Exercise prompt ->
Please write out, exactly, every line of the listing from its first line through the one that includes "Snapshot_0023.JPG".

____

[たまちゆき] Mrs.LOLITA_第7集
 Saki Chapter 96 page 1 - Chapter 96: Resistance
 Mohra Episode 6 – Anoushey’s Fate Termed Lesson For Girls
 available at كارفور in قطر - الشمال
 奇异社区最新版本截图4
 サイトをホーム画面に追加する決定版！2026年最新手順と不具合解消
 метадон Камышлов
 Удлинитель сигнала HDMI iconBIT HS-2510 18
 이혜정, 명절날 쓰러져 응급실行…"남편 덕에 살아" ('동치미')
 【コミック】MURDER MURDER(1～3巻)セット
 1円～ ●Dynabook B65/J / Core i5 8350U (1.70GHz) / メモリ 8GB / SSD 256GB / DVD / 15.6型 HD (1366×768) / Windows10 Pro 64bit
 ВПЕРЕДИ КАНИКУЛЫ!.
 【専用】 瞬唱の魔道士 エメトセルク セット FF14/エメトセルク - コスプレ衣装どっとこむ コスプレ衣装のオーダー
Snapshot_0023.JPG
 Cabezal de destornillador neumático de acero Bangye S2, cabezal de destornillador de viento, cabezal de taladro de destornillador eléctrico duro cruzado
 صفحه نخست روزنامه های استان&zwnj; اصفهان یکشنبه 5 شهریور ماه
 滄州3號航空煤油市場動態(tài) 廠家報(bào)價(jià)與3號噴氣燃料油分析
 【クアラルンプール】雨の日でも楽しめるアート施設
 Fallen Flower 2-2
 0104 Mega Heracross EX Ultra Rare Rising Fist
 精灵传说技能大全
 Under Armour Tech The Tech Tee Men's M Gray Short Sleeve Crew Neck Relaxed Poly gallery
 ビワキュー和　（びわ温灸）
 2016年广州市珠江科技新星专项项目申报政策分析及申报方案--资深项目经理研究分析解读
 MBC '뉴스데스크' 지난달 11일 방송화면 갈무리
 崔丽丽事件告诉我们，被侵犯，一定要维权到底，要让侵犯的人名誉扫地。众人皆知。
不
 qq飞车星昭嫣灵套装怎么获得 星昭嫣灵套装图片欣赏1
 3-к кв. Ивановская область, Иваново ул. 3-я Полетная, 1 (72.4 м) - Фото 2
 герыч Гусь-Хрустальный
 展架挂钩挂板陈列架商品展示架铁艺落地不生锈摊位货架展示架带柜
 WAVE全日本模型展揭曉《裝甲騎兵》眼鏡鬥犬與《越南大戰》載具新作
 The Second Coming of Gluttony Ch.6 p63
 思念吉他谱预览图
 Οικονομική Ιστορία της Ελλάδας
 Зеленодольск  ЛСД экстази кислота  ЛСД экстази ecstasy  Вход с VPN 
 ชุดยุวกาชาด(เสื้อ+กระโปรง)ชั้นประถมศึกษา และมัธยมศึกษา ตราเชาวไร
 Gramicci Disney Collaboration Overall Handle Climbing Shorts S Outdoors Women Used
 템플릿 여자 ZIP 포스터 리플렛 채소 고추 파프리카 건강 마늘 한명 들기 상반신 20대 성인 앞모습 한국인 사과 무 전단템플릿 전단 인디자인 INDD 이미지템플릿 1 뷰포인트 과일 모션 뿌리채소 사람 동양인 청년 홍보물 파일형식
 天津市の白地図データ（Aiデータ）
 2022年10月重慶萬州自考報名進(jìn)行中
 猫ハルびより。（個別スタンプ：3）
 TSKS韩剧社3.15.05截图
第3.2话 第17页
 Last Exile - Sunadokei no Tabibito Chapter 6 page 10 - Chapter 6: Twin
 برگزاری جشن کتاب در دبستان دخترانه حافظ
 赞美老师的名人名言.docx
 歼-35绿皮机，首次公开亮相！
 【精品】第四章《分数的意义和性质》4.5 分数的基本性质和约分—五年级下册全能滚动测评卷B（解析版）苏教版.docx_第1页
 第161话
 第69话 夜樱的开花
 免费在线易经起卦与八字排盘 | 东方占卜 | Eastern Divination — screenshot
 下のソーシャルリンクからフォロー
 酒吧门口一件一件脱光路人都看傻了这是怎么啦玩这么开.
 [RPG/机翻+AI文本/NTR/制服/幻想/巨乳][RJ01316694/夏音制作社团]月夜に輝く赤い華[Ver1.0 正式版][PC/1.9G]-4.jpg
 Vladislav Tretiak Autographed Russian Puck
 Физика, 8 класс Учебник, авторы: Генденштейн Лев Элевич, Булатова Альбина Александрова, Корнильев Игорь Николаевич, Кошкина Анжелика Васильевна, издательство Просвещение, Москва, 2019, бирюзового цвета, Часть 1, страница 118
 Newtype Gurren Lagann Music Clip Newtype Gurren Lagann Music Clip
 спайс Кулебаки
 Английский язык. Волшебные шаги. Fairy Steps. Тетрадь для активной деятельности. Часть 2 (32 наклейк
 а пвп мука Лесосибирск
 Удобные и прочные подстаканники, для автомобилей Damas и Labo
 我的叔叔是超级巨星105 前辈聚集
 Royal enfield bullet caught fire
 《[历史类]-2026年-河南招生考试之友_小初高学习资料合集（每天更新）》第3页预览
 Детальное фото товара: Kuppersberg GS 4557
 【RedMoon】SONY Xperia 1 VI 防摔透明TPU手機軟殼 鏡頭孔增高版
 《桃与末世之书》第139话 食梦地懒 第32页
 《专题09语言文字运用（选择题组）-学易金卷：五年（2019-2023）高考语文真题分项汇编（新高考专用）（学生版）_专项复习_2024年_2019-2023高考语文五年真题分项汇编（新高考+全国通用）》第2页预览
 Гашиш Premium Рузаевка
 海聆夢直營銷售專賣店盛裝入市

____

Result of the task ->
[たまちゆき] Mrs.LOLITA_第7集
 Saki Chapter 96 page 1 - Chapter 96: Resistance
 Mohra Episode 6 – Anoushey’s Fate Termed Lesson For Girls
 available at كارفور in قطر - الشمال
 奇异社区最新版本截图4
 サイトをホーム画面に追加する決定版！2026年最新手順と不具合解消
 метадон Камышлов
 Удлинитель сигнала HDMI iconBIT HS-2510 18
 이혜정, 명절날 쓰러져 응급실行…"남편 덕에 살아" ('동치미')
 【コミック】MURDER MURDER(1～3巻)セット
 1円～ ●Dynabook B65/J / Core i5 8350U (1.70GHz) / メモリ 8GB / SSD 256GB / DVD / 15.6型 HD (1366×768) / Windows10 Pro 64bit
 ВПЕРЕДИ КАНИКУЛЫ!.
 【専用】 瞬唱の魔道士 エメトセルク セット FF14/エメトセルク - コスプレ衣装どっとこむ コスプレ衣装のオーダー
Snapshot_0023.JPG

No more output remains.